The Glastonbury effect
You’d be forgiven for thinking from last weekend’s media overload that the beano on Michael Eavis’ farm is the only festival that matters
So, how was your Glastonbury? It doesn’t matter an iota if you’ve never stepped foot on Michael Eavis’ farm or haven’t spent a couple of days avoiding the fag-wielding Kate Moss in her hot pants. If it’s the end of June and the forecast is for rain, it’s Glastonbury season and there was no way of avoiding it short of shutting up shop, closing the internet down and going for a long snooze.
There must be many festival promoters out there who marvel at how this gathering has taken top billing in their game. From the rapid sell outs to the overkill coverage from such official media organisations as The Guardian and BBC (which may explain why every band who plays the festival is deemed to have played The Best Gig Ever), Glastonbury is the festival which now defines the festival season.
Such is the Glastonbury effect that you find a little Glastonbury sprinkled in the mud at every festival you’ll go to this summer. Just as every new band festival worldwide wants to be SXSW, every festival with access to a bucolic setting and a few cows chewing the cud in the next field wants to be Glastonbury. Some are the festival equivalent of tribute bands – hello Body & Soul! – while others think a few CDs hanging from trees, some hot tubs and unshaven, unbalanced jugglers will fit the bill.

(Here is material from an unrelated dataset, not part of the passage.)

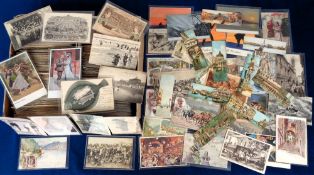 Postcards, Foreign, a selection of approx 1100 cards from various countries to include China,
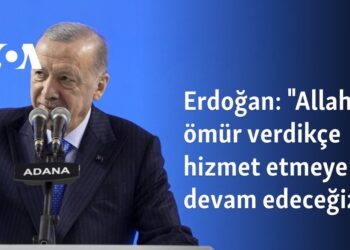 Erdoğan: “Allah ömür verdikçe hizmet etmeye devam edeceğiz”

Of course, it’s not Glastonbury’s fault that it dominates the discourse to this extent. It has many, many advocates – I know plenty who see he festival as a colonic irrigation for the ills of modern living – and it will continue to shine long after the current mania for summer events in fields passes. But there’s no harm in remembering that there are other festivals out there too and some of them don’t rely on wall to wall TV coverage.